Peneliti Pusat Kajian Jaminan Sosial (PKJS) Universitas Indonesia (UI) Risky Kusuma Hartono mencontohkan, selisih tarif cukai antara golongan 1 dan di bawahnya untuk sigaret kretek mesin masih lebar. Bahkan selisih tarif keduanya yaitu Rp385 per batang.
"Apabila satu bungkus rokok terdapat 16 batang, maka selisih tarif cukainya sebesar Rp6.160. Ini belum termasuk PPN, maka rentang perbedaaan harganya makin tinggi lagi," kata dia kepada wartawan di Jakarta, Senin 10 Oktober 2022.
Belum lagi, lanjut dia, produk ini juga dikenakan pajak rokok 10 persen untuk daerah, sehingga selisih total pajaknya bisa mencapai Rp8.000 persen bungkus.
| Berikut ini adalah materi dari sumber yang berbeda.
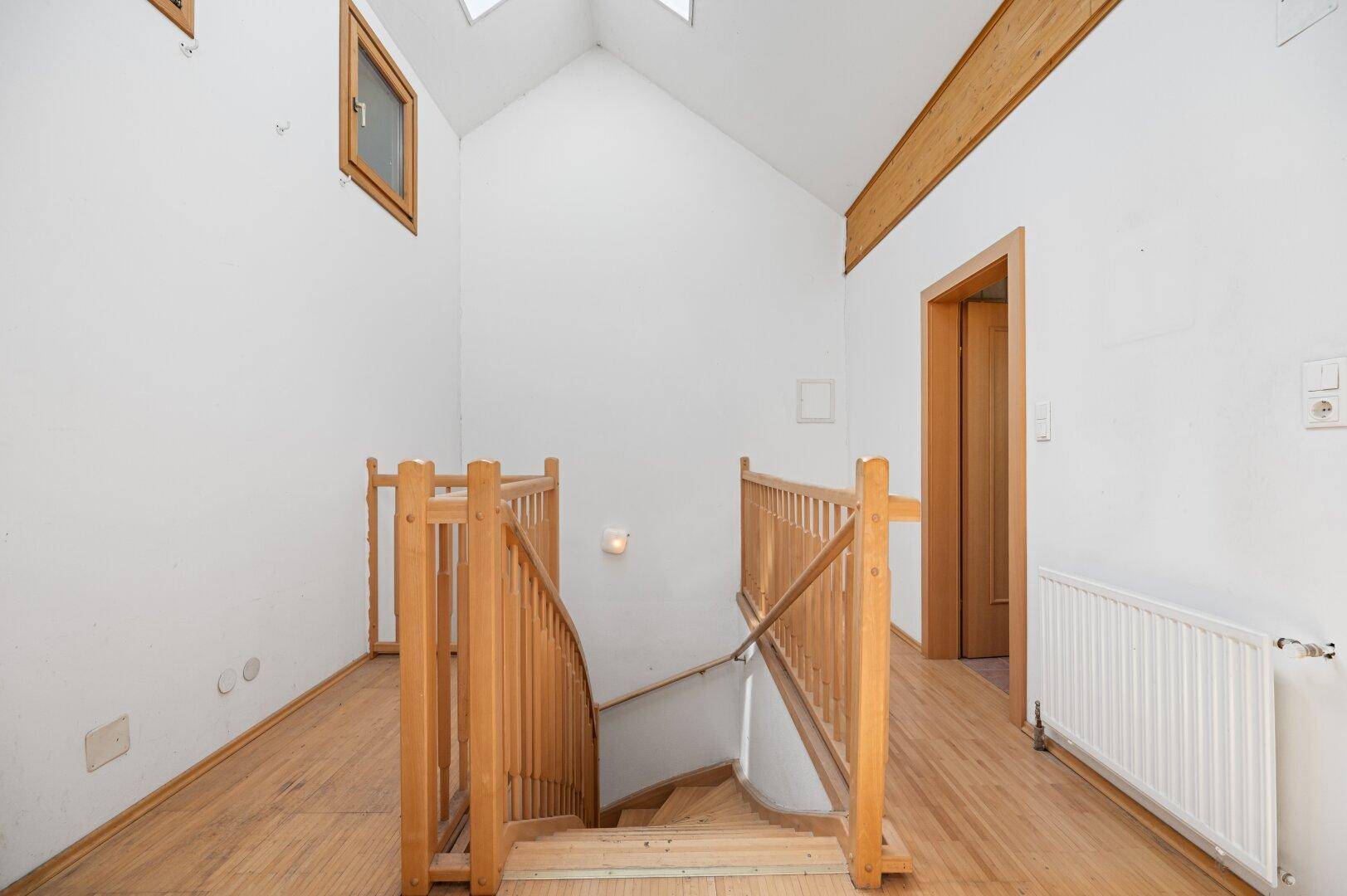Leerer Flur mit Holztreppe, Holzgeländer und Oberlichtern, die den Raum erhellen.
Jika dilihat lebih jauh, di tingkat konsumen, variasi harga rokok ini bisa mencapai Rp10.000-an.
Risky mengatakan, kebijakan CHT yang menyuburkan fenomena rokok murah tidak sejalan dengan semangat tujuan utama cukai, yaitu pengendalian konsumsi rokok. "Perokok masih bisa leluasa membeli produk rokok yang lebih murah bahkan ketika harga rokok naik," ujarnya.
Ia pun memaparkan hasil studi soal keterkaitan antara rokok murah dengan angka perokok anak. Pada intinya, para anak tetap mampu membeli rokok kendati tarif cukai dinaikkan setiap tahun.
Maka itu, Risky merekomendasikan pemerintah untuk melihat ulang struktur tarif cukai tembakau saat ini untuk mencegah semakin banyaknya rokok murah beredar di pasar, termasuk mempercepat pengurangan lapisan struktur tarif CHT.
Baca juga: Kenaikan Tarif Cukai SKT Akan Memberatkan Petani dan Pekerja |
Pemerintah, melalui kebijakan tarif CHT harus mengambil langkah yang cukup signifikan di antaranya untuk mengurangi prevalensi perokok anak, menekan angka perokok usia dewasa, dan mencapai visi Indonesia yaitu mencapai SDM Unggul.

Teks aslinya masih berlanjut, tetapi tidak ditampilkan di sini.